Sunday, March 15, 2015

Jury considering verdict in Grynhaus sex abuse case

JC.Com    The jury in the trial of a Jewish teacher accused of sexual assaults on two schoolgirls have retired to consider their verdict.

Father-of-10 Todros Grynhaus, 50, is alleged to have molested the girls when they were between the ages of 13 and 15 then relied on the Orthodox Jewish community’s "resentment" of reporting matters to the police to keep the allegations secret.

The son of a rabbi, Mr Grynhaus breached his bail conditions and flew to Israel when the allegations first surfaced – only returning when he was re-arrested and deported after almost two years, Manchester Crown Court has heard. [...]

The judge told the jury that Mr Grynhaus had said the allegations were made against him out of "revenge" and to obtain money from him.

Mr Grynhaus had tried to explain to the jury why he fled to Israel. Summing up his evidence, Mr Justice Turner added: “He wanted to avoid shame and disgrace being brought on his family.


  1. Just to correct a few facts in the above, Todros Grynhaus is a recognised Rabbi, not Mr. Also, his father is not a Rabbi, he is a Dayan.

    To summarise:
    The accused: Rabbi Todros Grynhaus
    Father of the Accused: Dayan Dovid Grynhaus

    Please can you take care when reporting on people to attribute their correct titles however shameful it may be to their institution.

  2. The choice of Mr is correct simply because of what he really is regardless of the very serious allegations. What makes him a Rabbi in your opinion?

    Regarding the father, considering his court appearance it is quite possible that he needs to resign from his position, hence Rabbi would be suitable.

  3. Recognised by whom. Who gave him semicha.
    His father is a kashrus supervisor does that make him a dayan?
    Has he ever paskened choshem mishpat or for that matter ever looked at it.
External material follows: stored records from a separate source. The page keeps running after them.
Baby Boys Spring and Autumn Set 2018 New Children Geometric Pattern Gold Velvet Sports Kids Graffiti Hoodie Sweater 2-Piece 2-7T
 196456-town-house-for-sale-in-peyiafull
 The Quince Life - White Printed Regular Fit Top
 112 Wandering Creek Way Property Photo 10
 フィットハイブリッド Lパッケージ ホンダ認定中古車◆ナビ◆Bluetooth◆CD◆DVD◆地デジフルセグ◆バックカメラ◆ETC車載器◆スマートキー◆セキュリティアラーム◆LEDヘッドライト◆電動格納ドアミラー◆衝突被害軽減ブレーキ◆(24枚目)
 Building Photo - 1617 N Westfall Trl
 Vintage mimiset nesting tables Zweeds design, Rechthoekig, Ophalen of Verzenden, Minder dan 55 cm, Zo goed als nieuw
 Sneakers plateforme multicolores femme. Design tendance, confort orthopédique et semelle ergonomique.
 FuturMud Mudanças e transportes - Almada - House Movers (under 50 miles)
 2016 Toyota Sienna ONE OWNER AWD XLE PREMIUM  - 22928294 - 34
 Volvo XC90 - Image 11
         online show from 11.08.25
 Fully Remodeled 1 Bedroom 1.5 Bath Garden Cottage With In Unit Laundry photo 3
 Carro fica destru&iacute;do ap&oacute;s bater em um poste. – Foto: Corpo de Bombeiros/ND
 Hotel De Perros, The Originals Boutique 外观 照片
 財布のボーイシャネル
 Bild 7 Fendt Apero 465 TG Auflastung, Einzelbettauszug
  4. It seems I didn't make my point clear in my previous comment. My aim was to highlight that if someone is a Rabbi or Dayan, they can't conveniently be called "Mr" in an embarrassing situation to avoid shame on the Rabbinate. They should be referred to by their commonly known titles and if that causes discomfort towards other Rabbis or Dayanim so be it. If other Rabbis feel someone is bringing their institution into disgrace then they should consider permanently removing this title from those individuals.

    It is wrong to try and protect the respect that is attributed to the titles of "Rabbi" or "Dayan" by hiding it in situations like these. The better solution would be to give these persons permanent titles that would more accurately represent their true position. It would seem "Mr" is appropriate if that person was stripped of his title, which is what should happen if he is found to be guilty of the allegations.

    I am in full agreement with both replies to my comment below.

  5. As there is no authority that gives titles to people and even more true does not take them away so I guess it is up to you and me to make our own judgment

    Todros clearly does not behave like an innocent man who is being extorted so we do need to protect (minimally) the title of a rabbi etc.

  6. I would welcome the day when there is an international public register of Rabbanim and Dayanim where only recognised institutions can award those titles. Any institution that abuses this trust would be struck off and anyone who behaves inappropriately (whatever that means) should be de-listed from this register.

    As much as I dislike Chabad, they do have every Shliach listed on and have the ability to delist people when they cause enough embarrassment to the rest of the movement:

    Maybe the rest of us need to take up this idea with a similar Rabbinic register.